Thirteen thousand-foot Grand Turk and Sultan Mountains loom over Silverton, Colorado, like guardians cloaked in capes of cobalt storm clouds. But when the weather is right, the summits of these captivating peaks can be gained back to back, and all you need is an adventurous spirt and a dash of gritty alpine enthusiasm.

Parking at Little Molas Lake’s trail head to the Colorado Trail on Molas Pass a half mile south of Silverton on U.S. 550, you can catch an obvious trail at the entrance to the campground circle by back tracking up the road you drove in on. Hang on to this trail as long as you can, but don’t panic when it’s gone. Your goal is moving north, gaining an unmistakable saddle between Turkshead and West Turkshead, both around 12,800 feet.

As you make your way, game trails help you pick through some conifers and patches of dense willow, and as you climb up a series of benches you will see the saddle you’re aiming for.

There is a running creek – try to stay on its east side, and be ready for grouse as well, good sized ground birds that rely on camouflage and then explode into the air when you get too close.
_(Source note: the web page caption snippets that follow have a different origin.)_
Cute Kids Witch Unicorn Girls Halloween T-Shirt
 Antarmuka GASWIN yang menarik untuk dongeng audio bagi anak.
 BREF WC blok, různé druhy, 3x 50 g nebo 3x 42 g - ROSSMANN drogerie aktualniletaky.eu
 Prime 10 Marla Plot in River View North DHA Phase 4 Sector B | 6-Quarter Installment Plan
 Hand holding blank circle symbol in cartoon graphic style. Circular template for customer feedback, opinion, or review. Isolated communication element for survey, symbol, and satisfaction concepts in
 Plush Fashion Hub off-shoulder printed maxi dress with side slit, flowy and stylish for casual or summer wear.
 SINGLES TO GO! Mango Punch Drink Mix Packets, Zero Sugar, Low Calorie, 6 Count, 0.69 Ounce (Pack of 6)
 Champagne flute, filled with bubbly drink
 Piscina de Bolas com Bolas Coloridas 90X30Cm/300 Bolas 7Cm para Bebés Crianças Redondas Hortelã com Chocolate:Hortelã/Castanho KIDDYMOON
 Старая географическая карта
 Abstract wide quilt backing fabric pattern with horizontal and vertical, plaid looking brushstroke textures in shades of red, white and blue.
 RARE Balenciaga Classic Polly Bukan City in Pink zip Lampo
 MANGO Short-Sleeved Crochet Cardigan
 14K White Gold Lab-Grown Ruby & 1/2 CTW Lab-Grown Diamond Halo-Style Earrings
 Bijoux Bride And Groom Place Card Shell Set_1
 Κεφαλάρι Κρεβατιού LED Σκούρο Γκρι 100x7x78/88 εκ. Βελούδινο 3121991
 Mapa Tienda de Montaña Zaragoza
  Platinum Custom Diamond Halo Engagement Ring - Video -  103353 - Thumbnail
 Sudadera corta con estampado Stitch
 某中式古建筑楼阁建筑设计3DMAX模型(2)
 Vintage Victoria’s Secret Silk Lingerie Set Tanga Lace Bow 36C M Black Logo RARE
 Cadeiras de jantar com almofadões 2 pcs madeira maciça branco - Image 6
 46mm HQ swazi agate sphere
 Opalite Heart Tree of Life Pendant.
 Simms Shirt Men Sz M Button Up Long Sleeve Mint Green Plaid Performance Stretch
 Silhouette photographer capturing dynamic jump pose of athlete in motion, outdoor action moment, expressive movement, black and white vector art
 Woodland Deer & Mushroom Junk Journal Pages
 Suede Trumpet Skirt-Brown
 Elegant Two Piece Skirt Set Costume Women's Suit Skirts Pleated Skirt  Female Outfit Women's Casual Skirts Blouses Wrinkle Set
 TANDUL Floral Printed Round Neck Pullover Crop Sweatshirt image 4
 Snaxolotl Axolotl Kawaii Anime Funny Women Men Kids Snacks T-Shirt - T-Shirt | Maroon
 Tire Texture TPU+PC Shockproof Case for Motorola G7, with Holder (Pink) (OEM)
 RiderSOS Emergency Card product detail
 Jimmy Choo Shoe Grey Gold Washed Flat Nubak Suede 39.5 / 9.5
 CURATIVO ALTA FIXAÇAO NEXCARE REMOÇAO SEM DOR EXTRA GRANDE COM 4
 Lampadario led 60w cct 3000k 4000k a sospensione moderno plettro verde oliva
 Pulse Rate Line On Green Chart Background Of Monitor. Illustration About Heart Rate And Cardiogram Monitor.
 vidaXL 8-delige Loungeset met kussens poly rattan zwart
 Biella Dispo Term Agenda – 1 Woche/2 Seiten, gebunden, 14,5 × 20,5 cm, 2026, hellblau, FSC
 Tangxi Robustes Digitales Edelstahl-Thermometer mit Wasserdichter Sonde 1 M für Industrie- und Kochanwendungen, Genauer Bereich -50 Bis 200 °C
There is a faint trail on the eastern slope of this basin. Note the view behind you of Little Molas Lake, and keep this is mind for your return.

Once you navigate easily through the saddle’s rocks, you’ll find grassy tundra and likely a bit of snow. Here, travel northeast toward yet another saddle skirting a green bowl of summer’s blossoms.

When you access this saddle, you’ll see the Sultan. Travel east and north, leading to the north face of Spencer Peak. This 13,087-footer is easily achieved, but remember you have two other objectives. As you gain ground on Spencer, you’ll come to a defined trail that traverses its steep north slope. Use caution and take this incredible trail to yet another saddle in between Spencer and Grand Turk.

This is amazing alpine hiking. Maintain the trail you are on and when you drop into its saddle, begin your ascent of Grand Turk. This mountain has three summits, and the highest point – 13,160 feet – is the farthest. Choose your battles wisely, but it’s well within reach.

You can retrace your steps back to the Spencer/Turk saddle or carefully pick your way down to a talus trail that leads to the Sultan ridge. Use caution – that’s a long way down to the north.

The Sultan ridge trail is the stuff of dreams. At first the trail unwinds before you like it’s miles away, but it’s less difficult than it looks. It’s narrow but not sketchy. You don’t want to fall, but the stunning summit bid at most calls is an easy scramble. Bag the peak – 13,370 feet – look for the register in the plastic pipe, and log your entry.

Upon your return, you can use Little Molas Lake as a point of reference as to which direction to travel.